“A digital age Edith Wharton . . . hilarious, exhilarating, and so, so clever.” –Kevin Kwan, author of Crazy Rich Asians
**A Huffington Post, New York Post and Metro Summer Reading Pick**
The Underwriting is a tantalizing glimpse into the boardrooms and bedrooms of six young hopefuls behind a Silicon Valley IPO that will launch them into the exclusive world of the über-wealthy—if it doesn’t destroy them first. Each of them is looking for success, but they may have to nail more than the deal to get to the top.
Wall Street hotshot and playboy Todd Kent is not surprised when Hook’s eccentric founder taps him to lead the deal of the decade: taking the multibillion-dollar dating app public. Hook has been helping Todd score with women since its inception and now it’s poised to make his career. Given just two months to pull it off, Todd assembles his investment banking team—brainy Neha, party-boy Beau, and, a surprise choice, old college flame Tara Taylor.
Tara runs six miles every morning, never eats after nine p.m., is the first to arrive and last to leave the office, but is starting to wonder why she bothers. When Todd asks her to help with Hook’s IPO, she sees her opportunity to break through the glass ceiling and justify six boyfriendless years of sacrifices for her career. She quickly realizes the dating app has more in store for her than a bigger bonus.
The stars are finally aligning for Nick Winthrop. Rejected from SAE rush at Stanford by Todd Kent, Nick is now a Harvard Business School graduate and Hook’s CFO, with a chip on his shoulder even bigger than his ego. Now that Hook is going public and $80 million is about to come his way, the life Nick knows he deserves is finally at his fingertips.
But when a young woman dies, it threatens to throw the deal—and the lives of those involved—into a thrilling tailspin. The Underwriting is an insightful and prescient glimpse into the inner workings of two generation-defining worlds and might be the most accurate depiction yet of the tech generation and the power it holds to shape the future.
APPLE BOOKS REVIEW
The Underwriting takes you on a wild ride as it follows the preparations for the IPO of a fictional company called Hook, founders of a massively popular dating app. Former banker Michelle Miller makes great use of her insider’s knowledge of the worlds of New York finance and Silicon Valley tech, presenting her story from the perspectives of a diverse crew of twenty- and thirty-somethings involved in the hyped-up deal. Miller’s novel is impossible to put down—what hooked us was the juxtaposition of jaw-dropping scenes of excess, egotism, and bad behavior with raw emotions familiar to anyone who’s faced disillusionment.

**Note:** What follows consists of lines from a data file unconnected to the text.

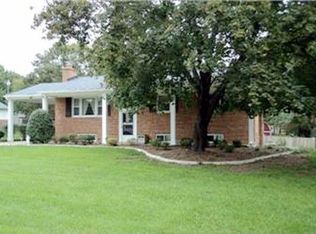 13137 Meadow Dr, Waldorf, MD 20601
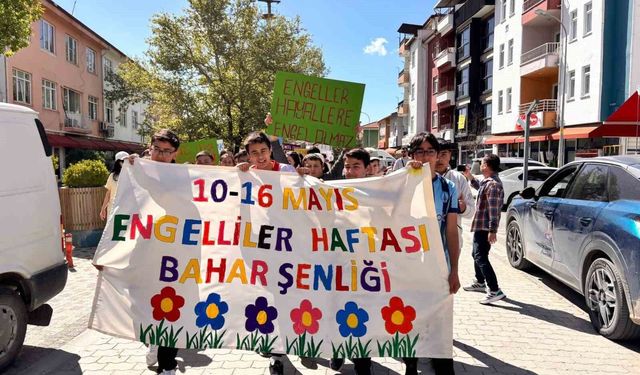 Hisarcık Şehitler Ortaokulu'nda Bahar Şenliği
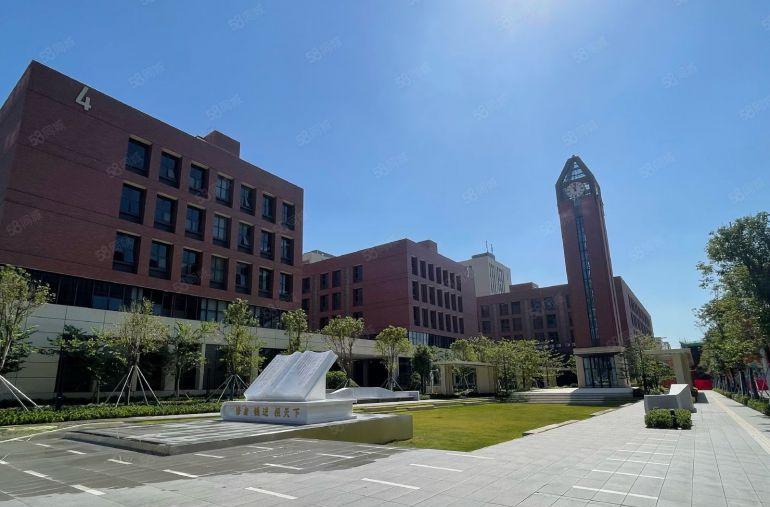 平湖华南城1000平精装修办公室厂房仓库出租 300平起分租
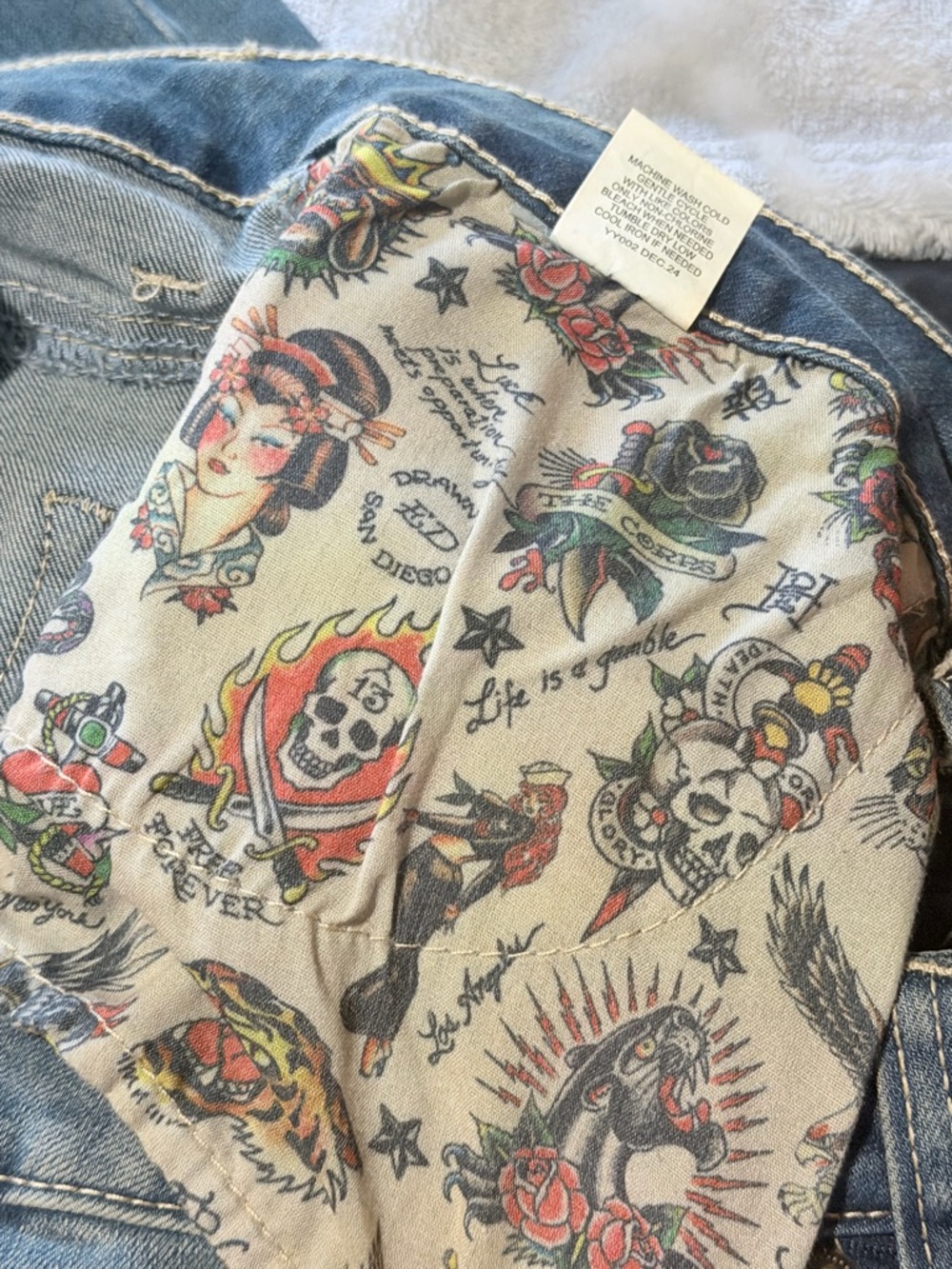 Ed Hardy Blue Denim Jeans with White Script and Multicolor Patch - Picture 8 of 8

Todd Kent is a high-powered Wall Street Millenial who thrives on large deals and casual sexual encounters. When he's asked by Josh Hart, CEO of online dating app Hook, to take his company public, he leaps at the chance. Todd brings in a small team to execute the billion-dollar deal, but quickly they all realize that they have different goals and desires and that the deal itself is brimming with intrigue and secrets. As the deal moves forward, people around it start to draw connections between the drug-related death of an undergraduate and the application, and it becomes clear that someone used Hook to cover up a murder. As they race to complete the IPO before anyone finds out, Todd and his team find out who is willing to risk everything for this deal. This taut thriller does combine the best of Millenial technologies and Wall Street greed, but it tries to be too many things to too many people. While readers will quickly discover that most of the characters aren't likable, they will want to find out what happens in the story. That said, it ends on a clumsy cliffhanger, leaving readers confused as to whether there is a next installment. There could be Miller, who worked at J.P. Morgan Private Bank, does an excellent job and leaves readers interested in what happens next. Readers, especially ones of an age with the characters, will find this a quick, entertaining read.
Very interesting & entertaining...but it ends w/a cliff-hanger and is half a book(!). I will read the sequel...but for the record, I really hate when authors/publishers don't make it clear a book is part of a "series". When did it become a crime to write a novel? I know it makes you more money, but it makes your readers (who would pay what you're hoping to make by serializing a book for one good novel) extremely frustrated!